La montagne de Thouille, (Touilles) (actuellement Trou de Thuille sous la Cima Quattro Denti) au-dessus de Chaumont et d'Exilles, proche le petit Montcenis fut percé à la pointe du cizeau en 1526 sur la longueur de deux cents toises (j'en ai vu le marché), c'est un travail digne d'admiration, il est seul plus curieux que les sept merveilles prétendues du Dauphiné. Le canal dans le roc a quatre pieds de hauteur et deux de largeur par où on fait passer de l'eau qui sert pour arroser les terres de communautés de Chaumont et d'Exilles ainsi qu'il est représenté par le profil cy à costé. M. le Maréchal de Vauban que je suivais en Dauphiné en 1700, m'envoya examiner cet aqueduc souterrain pour savoir comme on avait pris l'air lorsqu'on fut fort avant dans la montagne et comme le passage est fort étroit, où en bien des endroits il faut se courber pour y passer, l'air n'auroit pu se rendre que sur 60 à 80 toises de longueur, pour le plus et il y en a 200 parce que les décombres ont tous été portés du même costé marqué B. J'ai estimé que l'eau qui filtre au travers des vaines du rocher qui tombe dans l'aqueduc donna de l'air et pour empescher que les lumières n'en fussent éteintes, on a fait de distance en distance des trous à costé du canal pour y mettre les lampes, et si on ne pouvoit avoir de l'air par le moyen des filtrations des eaux, il faut qu'on se soit servi de tuyeaux de cuir bouilli avec un soufflet de forgeron pour faire entrer l'air dans ce tuyeau et le faire par ce moyen arriver jusqu'au lieu où l'on travaillait, nous nous servons quelquefois de soufflets et de tuyeaux semblables dans les mines qu'on fait dans les places de guerre. (Cet aqueduc appelé Traforo della Touilles dans le pays a été construit de 1526 à 1533 par un seul homme, Colombano Romean de Chiomonte. Le 20 juillet 1879, la section de Suze, du Club Alpin Italien et les communes de Chiomonte et d'Exilles ont fait placer à l'ouverture du tunnel une inscription commémorative de cet intéressant ouvrage qui a transformé en une région fertile et peuplée, cette contrée jadis stérile et déserte )
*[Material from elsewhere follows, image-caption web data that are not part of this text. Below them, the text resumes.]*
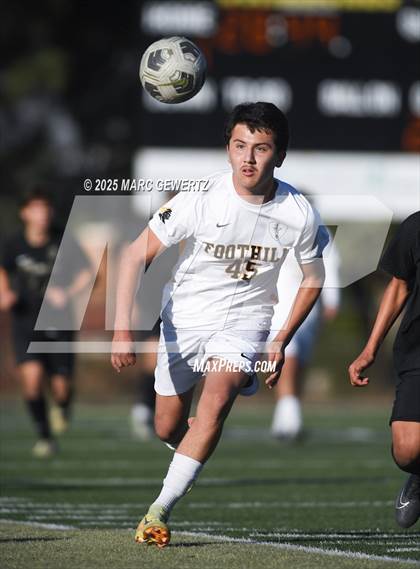 Thumbnail 1 in Foothill @ Canyon photogallery.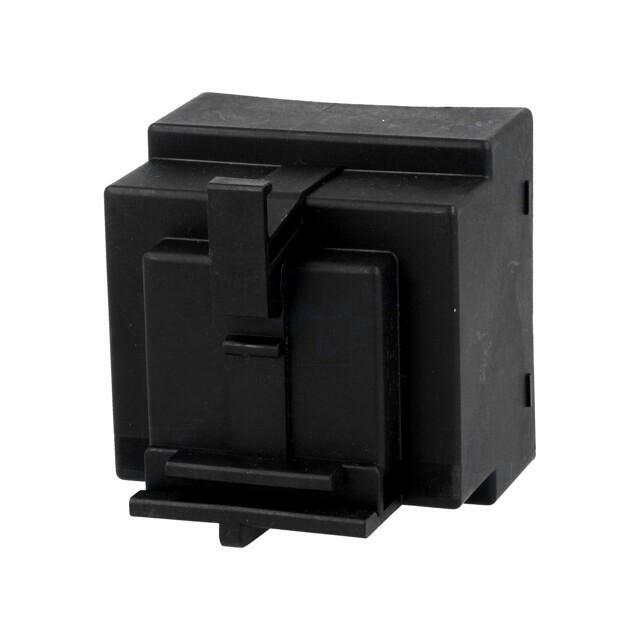 INDEL Transformer: mains; 30VA; 230VAC; 24V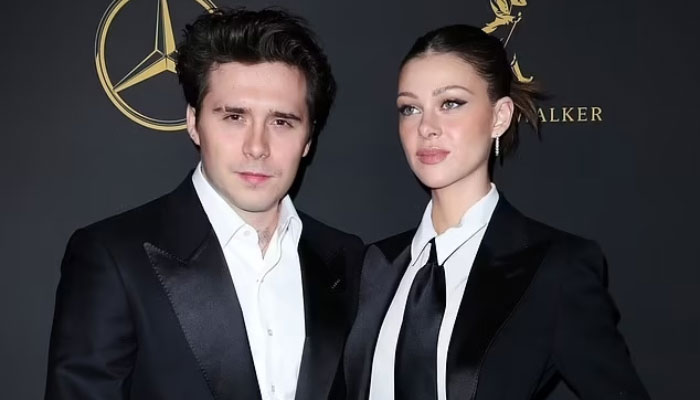 Brooklyn Beckham ‘feeling lost’ as Nicola Peltz gears up for her movie release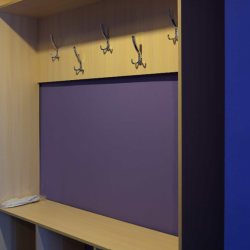 Фото Отель Макхолл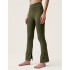 Yoga Leggings Born Living Yoga Chiara Green Women's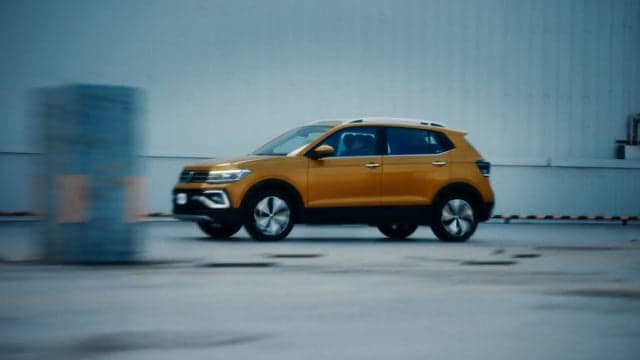 SUVW (DC)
Vallée de Bardonnèche en Piémont
Elle a trois lieues de longueur depuis le pied de la montagne au col de l'Echelle jusqu'à Oulx. La rivière qui arrose cette vallée se nomme Bardonnèche ; elle se jette dans la Doire proche l'abaye d'Oulx, elle est formée par trois gros ruisseaux qui se joignent au-dessous du Bourg de Bardonnèche. L'un vient du Montabord (Mont-Thabor, 3,182 mètres). L'autre au col de la Roue. Et le troisième des cols d'Estiaches (col d'Eusèbe, 2,187 mètres) et de Vallefroide
Col de Séguret (col Sommeiller, 2,962 mètres) ou
Les Embins
(col di Galambra, 3,150 mètres )
au-dessus de Savoulx, mauvais pour les gens de pied à cause des glaciers qu'on y trouve où il y a des abîmes, cependant les habitants d'Oulx et de Savoulx passent par ce mauvais chemin où ils font passer aussi des troupeaux de moutons qu'ils vont acheter ou vendre à Bramant en Savoye. Il y a sur ces glaciers des bouquetins qui est un animal de la figure d'un gros bouc qui a le sang extraordinairement chaud, il est salutaire pour les pleurésies. De Savoulx pour aller à Bramant il faut 7 heures, Lorsqu'on est aux Embins où sont les glaciers au lieu d'aller à Bramant on peut aller à Exilles par la montagne de Seguret et de Saint-Colomban, ce chemin n'est pas bon mais on peut y passer. Il est même de conséquence en temps de guerre, l'infanterie pouvant y passer au cas de besoin mais sans aucune monture.
Col d'Estiache ou de Rochemolle
au dessus du gros village de Rochemolle, mauvais pour les chevaux va à Bramant vallée de Morienne. On peut aussi d'Oulx aller au col d'Estiache (col d'Etiache 2.787 mètres) à cheval passant à Savoulx et au col de Valfroide. De Bardonnèche pour aller au village de Rochemolle une heure. De Rochemolle à Bramant 7 heures. Soixante hommes peuvent garder le col d'Estiache.
Col de Pelouze (2798 m.)
au-dessus de Rochemolle mauvais pour les gens de pied, il va à Villars Ondin, vallée de Morienne. De Rochemolle à Villars Ondin 6 heures. Trente hommes peuvent garder ce chemin.
Col de Frejus (2542 m.)
au dessus de Bardonnèche mauvais pour les chevaux va à Modane, vallée de Morienne. De Bardonnèche à Modane 6 heures.
Col de la Roue (2552 m.)
au-dessus de Bardonnèche, très praticable pour les chevaux, c'est le grand chemin des vallées de Bardonnèche, d'Oulx et de Cézanne, pour aller en Savoye il va tomber à Modane passant à Notre-Dame du Charmel qui est une grande dévotion de cette contrée.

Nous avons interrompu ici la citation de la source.